Hello Christopher,

On 02/08/2013 09:59 AM, Christopher Medrela wrote:
>     I don't want to discourage you from working on the project if you find
> 
>     it interesting and informative, and it may well be that the results are
> 
>     worth the effort and end up being merged into Django; but it is also
> 
>     possible that we look at the patch and say "sorry, that's just too much
> 
>     disruption for the benefits" - so you should be prepared for that
> 
>     possibility.
> 
> 
> I would like to avoid the situation like that, so what is the source of
> that disruption, apart from backward incompatibility?

There are always risks associated with major codebase churn - both
unanticipated backwards-incompatibilities, and introducing new bugs. We
have to make sure the benefits of the change outweigh those risks.

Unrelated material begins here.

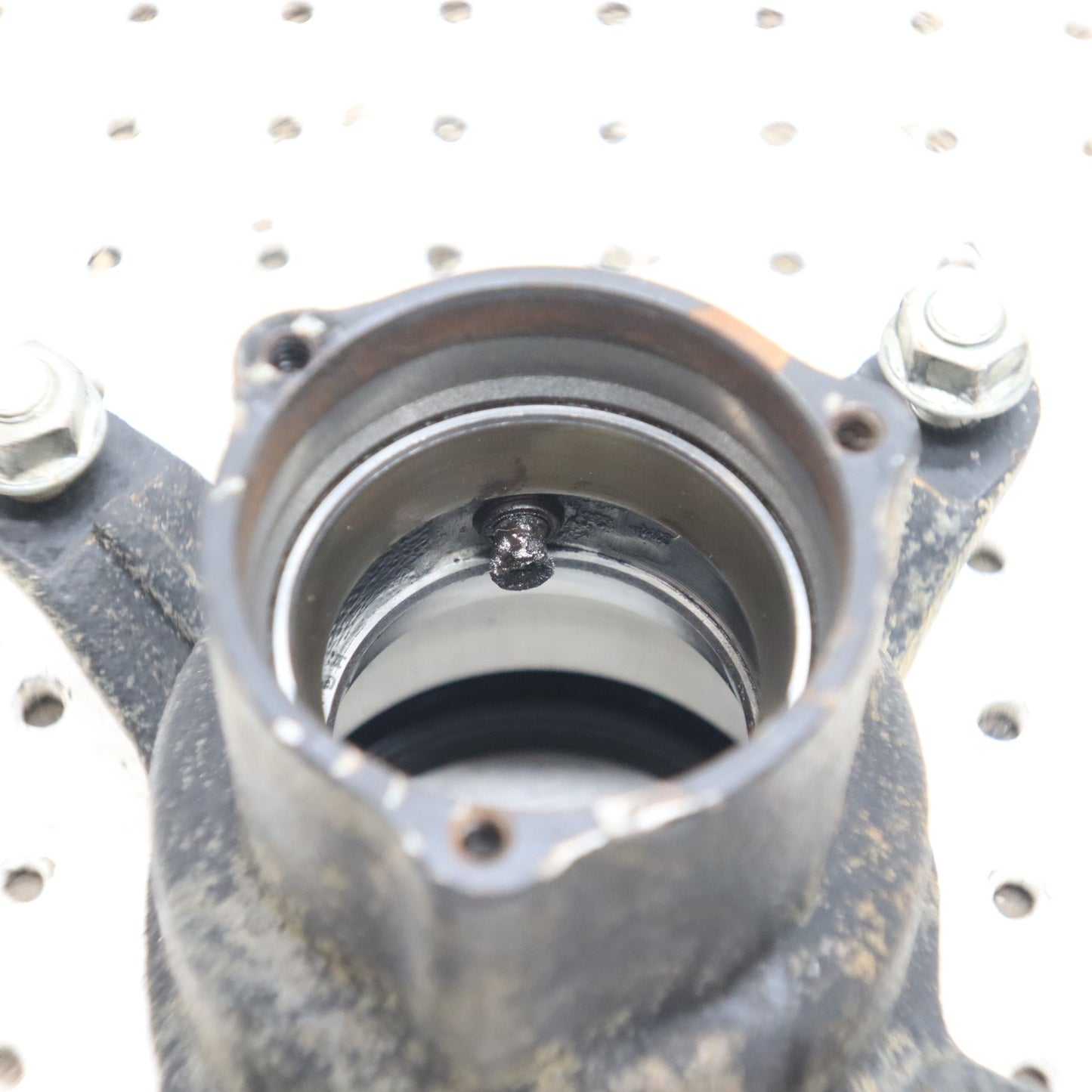 1998 Polaris Xplorer 400l Wheel Hub 1520243; 2202595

> I agree that it doesn't mean less global state. But there is good global
> state and bad global state. For example, we could make DjangoApplication
> class to avoid global state but there is no need. Global settings is OK
> since we don't need the ability to create more than one django
> application instance. Even tests doesn't require more than one instance
> at the same time, so we can just reinitialize the application when there
> is need for that. That's done by change_settings decorator and it works
> well. And there is bad global state, like current template system.
...
> I didn't know about Jinja2 and that it's more suitable for use outside
> Django. So it seems like the only goal is refactoring -- we need to
> quarantize global state, but not dependencies on settings. We also don't
> need to split the template system into django-dependent and
> django-independent parts.

I'm not sure the distinction between "good global state" and "bad global
state" is so clear, or even exists. A major part of the motivation for
#17093 was that it could be a step along the path towards a
global-state-free Django (using something like a DjangoApplication or
ApplicationConfig object), which would allow running multiple Django
sites in a single process (which is indeed something that some people,
though not most, need). This is mentioned in the ticket description.

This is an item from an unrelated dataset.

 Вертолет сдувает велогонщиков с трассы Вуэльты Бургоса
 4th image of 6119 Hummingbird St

If we are not working towards that larger goal (and I'd love to hear
other opinions on whether we should be or not), and external library use
of Django templates is not a strong motivator, and the testing issues
are manageable via override_settings, then I think the rationale for
#17093 begins to look rather weak. No-global-state would be a better
from-scratch design, certainly, but will it bring enough concrete
benefit now to be worth the transition?

> Now I have an idea that we can refactor the template system so it will
> be possible to easily write and use other template systems, for example
> Mako. So anyone will be able to write "custom_engine =
> MakoTemplateEngine()" in settings (or anywhere else). Next, we can type
> "render_to_response(engine=custom_engine, ...)" or something like that.
...
> If we refactor the code properly, class-based views will work with Mako
> templates. That would be huge advantage over existing solutions like
> django-mako. I think that could be a good idea for GSoC this year. Do
> you think so?

This definitely would bring some value; it's the best rationale I see
for refactoring the template engine.